[Problem statement] No images, please. Copy each entry below exactly as it reads.

[Data in this exercise]
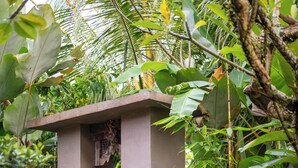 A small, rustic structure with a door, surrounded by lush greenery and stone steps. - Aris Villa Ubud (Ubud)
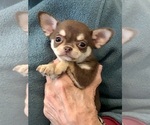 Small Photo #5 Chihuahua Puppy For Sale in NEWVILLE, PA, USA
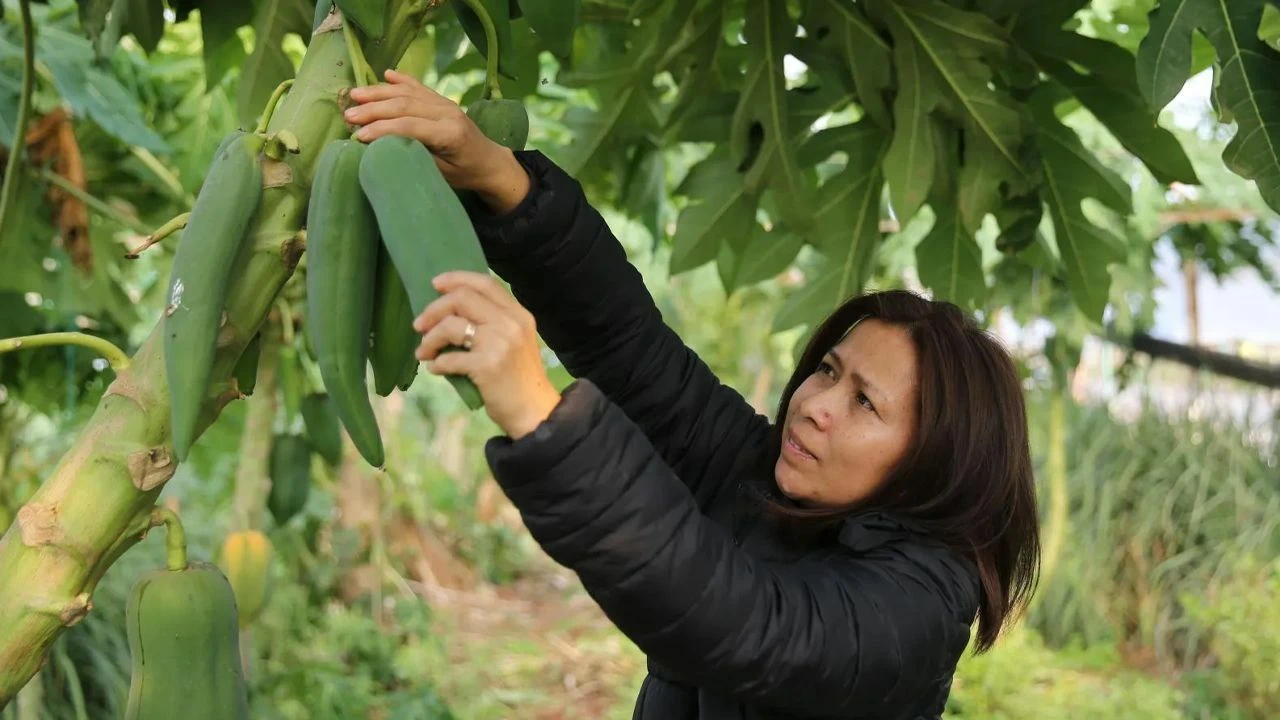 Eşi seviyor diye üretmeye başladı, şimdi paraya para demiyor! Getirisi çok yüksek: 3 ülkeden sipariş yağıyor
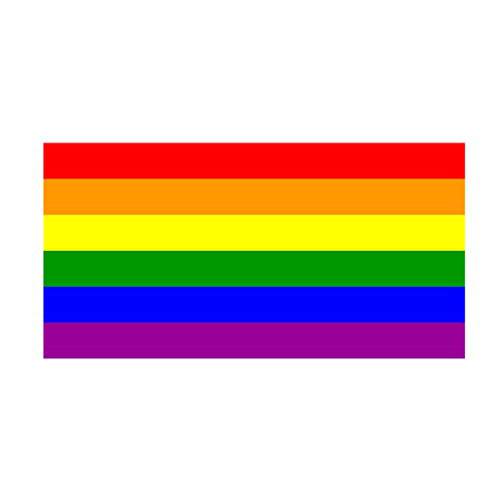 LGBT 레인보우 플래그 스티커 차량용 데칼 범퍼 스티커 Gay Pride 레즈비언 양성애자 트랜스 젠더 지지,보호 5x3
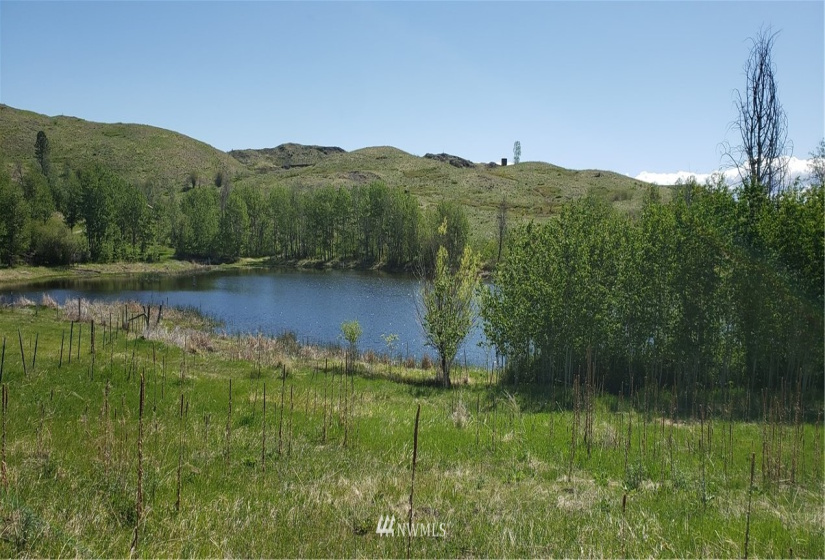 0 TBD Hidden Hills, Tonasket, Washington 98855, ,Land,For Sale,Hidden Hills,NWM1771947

[Response area]
 A small, rustic structure with a door, surrounded by lush greenery and stone steps. - Aris Villa Ubud (Ubud)
 Small Photo #5 Chihuahua Puppy For Sale in NEWVILLE, PA, USA
 Eşi seviyor diye üretmeye başladı, şimdi paraya para demiyor! Getirisi çok yüksek: 3 ülkeden sipariş yağıyor
 LGBT 레인보우 플래그 스티커 차량용 데칼 범퍼 스티커 Gay Pride 레즈비언 양성애자 트랜스 젠더 지지,보호 5x3
 0 TBD Hidden Hills, Tonasket, Washington 98855, ,Land,For Sale,Hidden Hills,NWM1771947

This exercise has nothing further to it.